The longer the bowel is left to contend with swelling, the greater the risk of further complications, such as vomiting.
Ms Guerrini added: “Bowel cancer can cause swelling in the abdomen, meaning that any food that you eat goes straight back up.
“If the cancerous tumour spreads to your intestines, you could also experience a fever. If it spreads to your bladder, you might notice air bubbles in your urine.”
A high number of individuals present at least one warning sign prior to diagnosis, but occasionally patients present with no warning signs at all.
Shabab Siddiqi, consultant colorectal surgeon and medical adviser to Bowel Research UK, told express.co.uk: “If there is bowel or rectal cancer present, the most common symptoms are rectal bleeding, diarrhoea or a feeling of fullness down below.
“But someone can have a massive tumour and have literally no symptoms, which is why we advise everyone to take up their opportunity of bowel cancer screening when invited or to discuss any common symptoms with their GP.”

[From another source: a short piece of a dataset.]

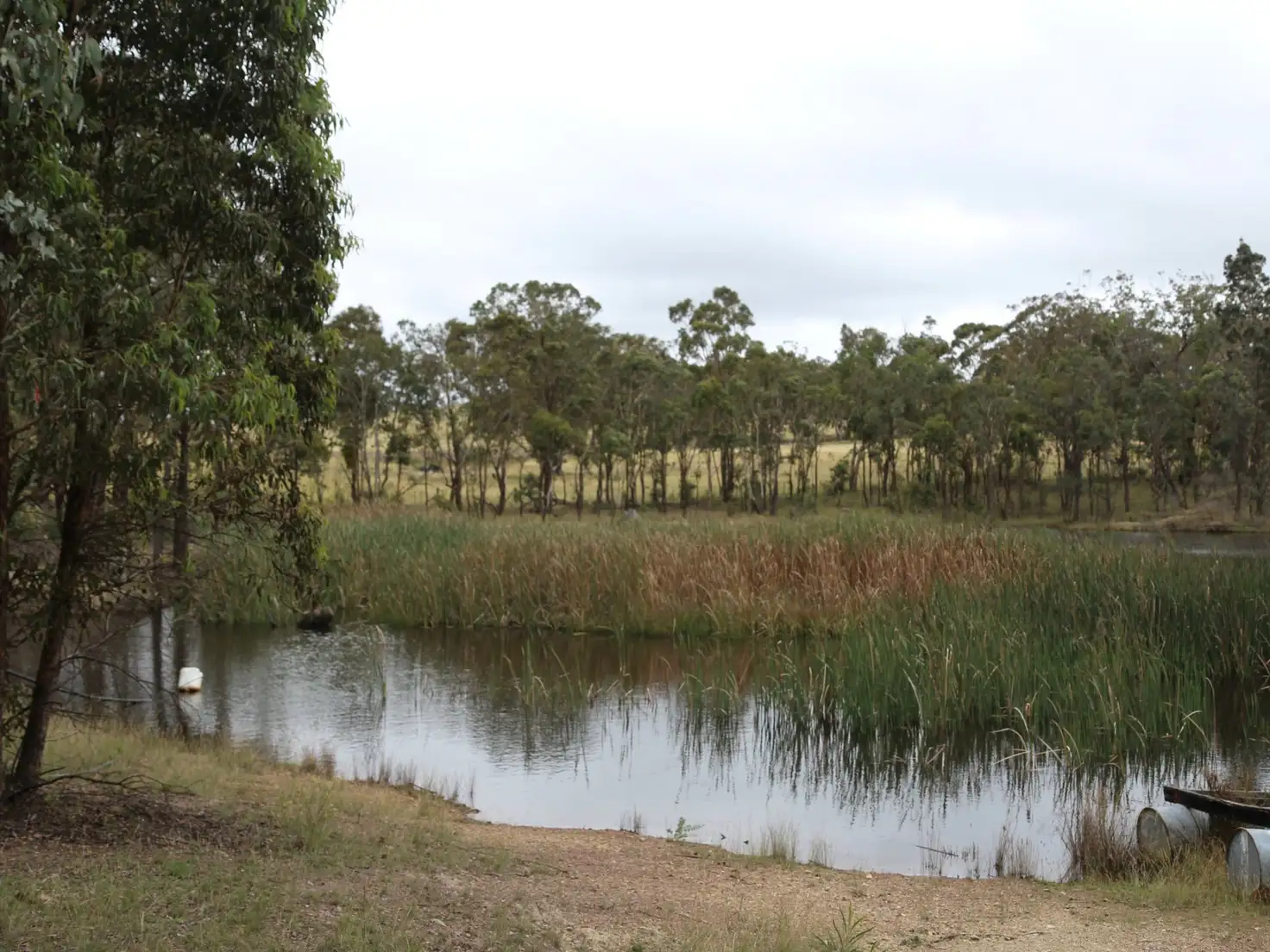 Main view of Homely land listing, LOT 33 Wellington Vale Road, Emmaville NSW 2371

There are several ways people are checked for bowel cancer, and the most effective test is colonoscopy.
The test involves passing a thin tube through the anus, rectum and colon.
When the camera attached to the end of the tube encounters a polyp, this is removed and sent to a lab for further examination.
Testing is particularly important for individuals who have previously had polyps or whose family member has previously been diagnosed with the disease.